--- Records for the exercise Enclosed Below ---
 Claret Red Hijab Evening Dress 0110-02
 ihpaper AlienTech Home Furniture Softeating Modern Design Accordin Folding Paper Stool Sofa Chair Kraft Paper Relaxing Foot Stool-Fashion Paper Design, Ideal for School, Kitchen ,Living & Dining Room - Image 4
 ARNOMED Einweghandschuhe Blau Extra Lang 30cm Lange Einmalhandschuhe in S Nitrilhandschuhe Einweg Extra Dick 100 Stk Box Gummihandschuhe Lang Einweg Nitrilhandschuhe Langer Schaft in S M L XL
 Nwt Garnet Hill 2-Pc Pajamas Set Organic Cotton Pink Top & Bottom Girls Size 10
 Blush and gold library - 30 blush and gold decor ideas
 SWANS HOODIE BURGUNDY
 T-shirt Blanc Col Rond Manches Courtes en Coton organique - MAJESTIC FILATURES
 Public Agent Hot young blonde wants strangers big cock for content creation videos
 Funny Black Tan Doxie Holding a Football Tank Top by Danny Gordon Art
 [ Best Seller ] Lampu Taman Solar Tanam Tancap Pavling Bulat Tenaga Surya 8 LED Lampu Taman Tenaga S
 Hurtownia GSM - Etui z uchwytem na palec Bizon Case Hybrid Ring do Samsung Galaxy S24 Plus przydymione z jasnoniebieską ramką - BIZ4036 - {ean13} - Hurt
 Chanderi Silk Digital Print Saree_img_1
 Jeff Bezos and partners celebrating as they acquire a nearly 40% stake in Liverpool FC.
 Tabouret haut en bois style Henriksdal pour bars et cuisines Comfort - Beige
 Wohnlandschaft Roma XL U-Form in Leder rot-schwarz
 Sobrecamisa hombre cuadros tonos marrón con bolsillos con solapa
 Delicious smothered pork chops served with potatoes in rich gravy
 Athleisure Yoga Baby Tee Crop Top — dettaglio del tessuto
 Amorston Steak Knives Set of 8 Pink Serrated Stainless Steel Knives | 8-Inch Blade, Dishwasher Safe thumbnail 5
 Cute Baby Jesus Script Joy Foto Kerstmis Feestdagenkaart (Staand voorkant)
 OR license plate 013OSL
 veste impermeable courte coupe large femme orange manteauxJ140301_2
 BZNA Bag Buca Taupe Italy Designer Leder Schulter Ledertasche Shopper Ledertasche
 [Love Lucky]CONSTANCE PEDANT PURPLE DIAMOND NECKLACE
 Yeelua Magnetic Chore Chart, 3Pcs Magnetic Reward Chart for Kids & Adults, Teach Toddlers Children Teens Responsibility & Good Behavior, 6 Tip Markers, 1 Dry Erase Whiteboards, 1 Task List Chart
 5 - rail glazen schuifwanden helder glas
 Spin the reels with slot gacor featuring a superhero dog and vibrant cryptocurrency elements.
--- End of Enclosed Records for the exercise ---
### Activity
The line with "Yeelua Magnetic Chore", plus every line after it through the end of the listing, needs to be repeated exactly; nothing else belongs in the reply.

### Response area
 Yeelua Magnetic Chore Chart, 3Pcs Magnetic Reward Chart for Kids & Adults, Teach Toddlers Children Teens Responsibility & Good Behavior, 6 Tip Markers, 1 Dry Erase Whiteboards, 1 Task List Chart
 5 - rail glazen schuifwanden helder glas
 Spin the reels with slot gacor featuring a superhero dog and vibrant cryptocurrency elements.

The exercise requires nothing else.